A new era of Nebraska football dawned Monday when the Cornhuskers introduced Matt Rhule as their new football coach.
While the jury is still out on how well Rhule, who was fired by the Carolina Panthers earlier this season, will perform on the field, he appears to have won his first press conference in Lincoln.
Rhule preached hope to Nebraska fans. According to Max Olson of the Athletic, his primary message was that Nebraska can be returned to the top of the sport, and he's the right person to do it.
"I'm here because this is the right fit," Rhule said. "It's the right time. If I have one message for you, we can absolutely do it. We can absolutely get University of Nebraska football exactly where it's supposed to be. It will be hard. It may take time. But it will be done."

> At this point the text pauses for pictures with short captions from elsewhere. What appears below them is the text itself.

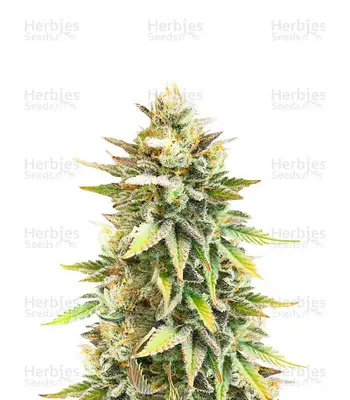 Ghost Chem OG cannabis seeds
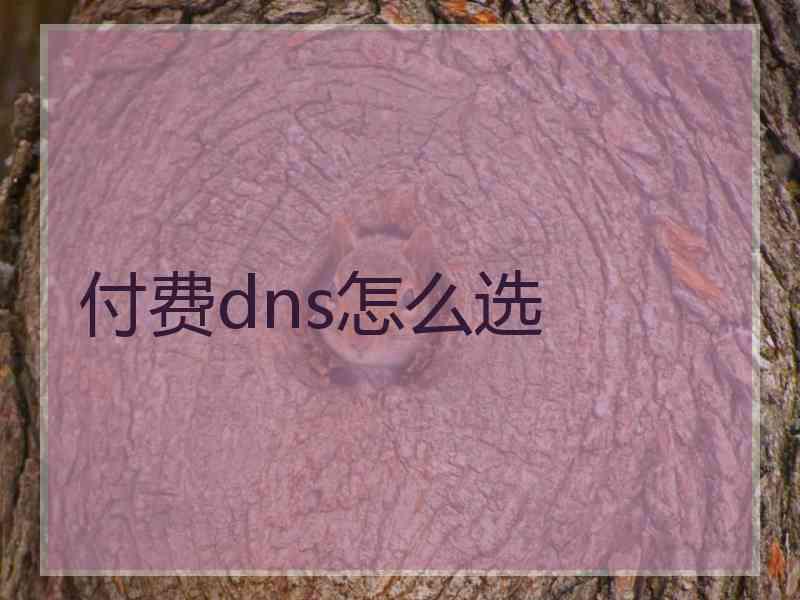 付费dns怎么选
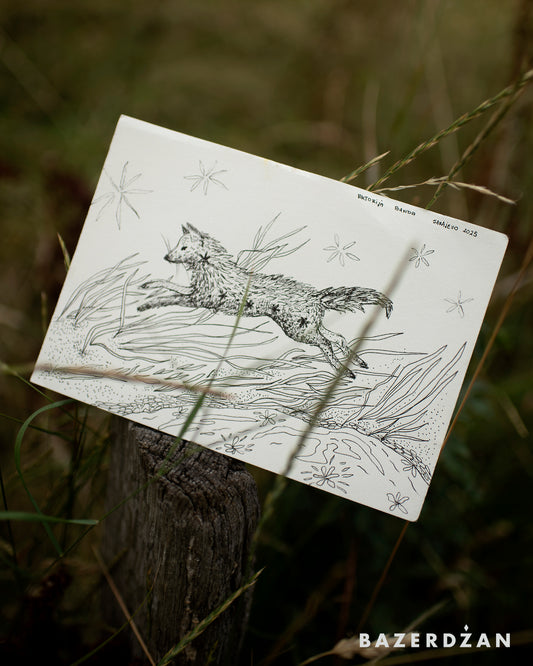 Drawing Inspired by Nature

Nebraska fans could use a bit of hope. A program that won consecutive national titles in 1994 and 1995 now has not won double-digit games in a season in a decade and hasn't played in a bowl game since 2016.
On paper, Rhule appears to have the credentials to back up his claims. After winning two games during his first season at Temple, Rhule led the Owls to consecutive 10-win seasons in 2015 and 2016.

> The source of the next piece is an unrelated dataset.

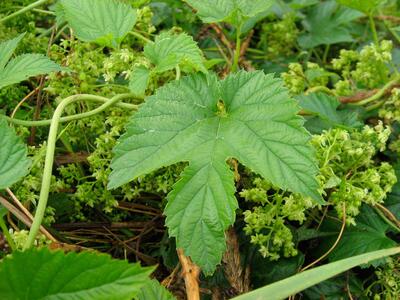 humulus lupulus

He then moved to Baylor, where he inherited a program reeling from a sexual assault scandal. Two years after the Bears went 1-11 in Rhule's first season in Waco, they went 11-3 and earned a New Year's Six bowl berth.
It's not just Rhule's words that have Cornhusker fans excited, either. He made headlines on Monday by poaching South Carolina offensive coordinator Marcus Satterfield, who is expected to join him at Nebraska. Rumors have swirled that Satterfield might even bring Gamecock quarterback Spencer Rattler with him.
Of course, it would be easy to look back just five years and remind Nebraska fans how excited everyone was about the hire of Scott Frost, who had led the Cornhuskers to a national championship as a player and led Central Florida to a 13-0 season as a coach. Frost wound up getting fired midway through his fifth season with a record of 16-31.
But at least until Rhule's team loses its first game, Cornhusker fans can remain optimistic and dream of returning to the lofty place they occupied in college football during the 1980s and '90s.